15. Saya tidak pernah berkecil hati sedikitpun terhadap fitnah yang menerpa saya, keluarga saya selama ini, bahkan ada yang tega mengatakan MK sebagai Mahkamah Keluarga. Masya Allah. Mudah-mudahan diampuni oleh Allah SWT. Namun fitnah keji yang menerpa saya, bahwa saya memutus perkara tertentu berdasarkan kepentingan pribadi dan keluarga, hal itulah yang harus diluruskan.
Seorang negarawan harus berani mengambil keputusan demi generasi yang akan datang. Berbeda halnya dengan politisi yang mengambil keputusan berdasarkan kepentingan pemilu yang sudah menjelang. Putusan MK sekali lagi tidak berlaku untuk saat ini saja, tetapi berlaku seterusnya.
16. Saat ini, harkat, derajat, martabat saya sebagai hakim karier selama hampir 40 tahun dilumatkan oleh sebuah fitnah yang amat keji dan kejam. Tetapi saya tidak pernah berkecil hati dan pantang mundur dalam menegakkan hukum dan keadilan di negara tercinta.
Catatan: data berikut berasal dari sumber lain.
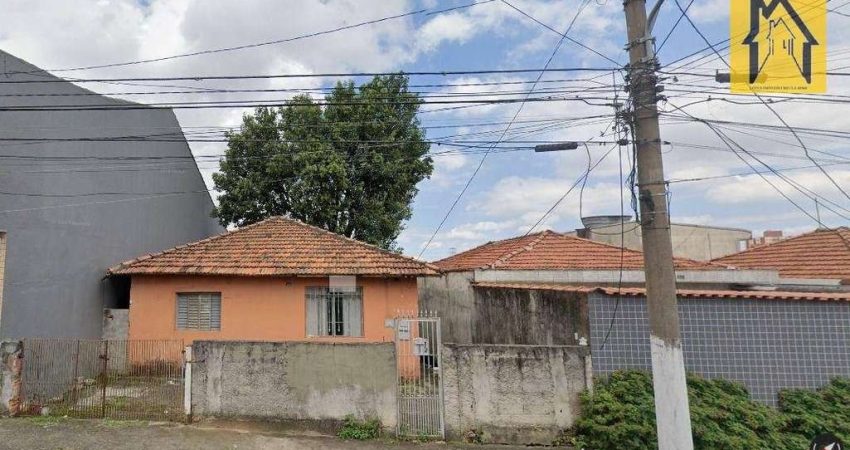 Terreno à venda no Parque São Lucas, São Paulo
Saya tetap yakin bahwa sebaik-baik skenario manusia siapapun untuk membunuh karakter saya, karier saya, harkat dan derajat serta martabat saya dan keluarga besar saya, tentu tidak akan lebih baik dan indah dibandingkan skenario atau rencana Allah SWT. Tuhan Yang Maha Esa.
17. Saya hanya berpasrah diri kepada Allah SWT atas fitnah keji dan kejam yang menimpa diri dan keluarga saya serta diiringi selalu doa dan ikhtiar terbaik bagi kepentingan bangsa dan negara.
Semoga yang selalu memfitnah, yang membuat isu, yang menyudutkan diri saya dan keluarga saya, atau yang menzalimi saya, diampuni oleh Allah SWT. Tuhan Yang Maha Esa.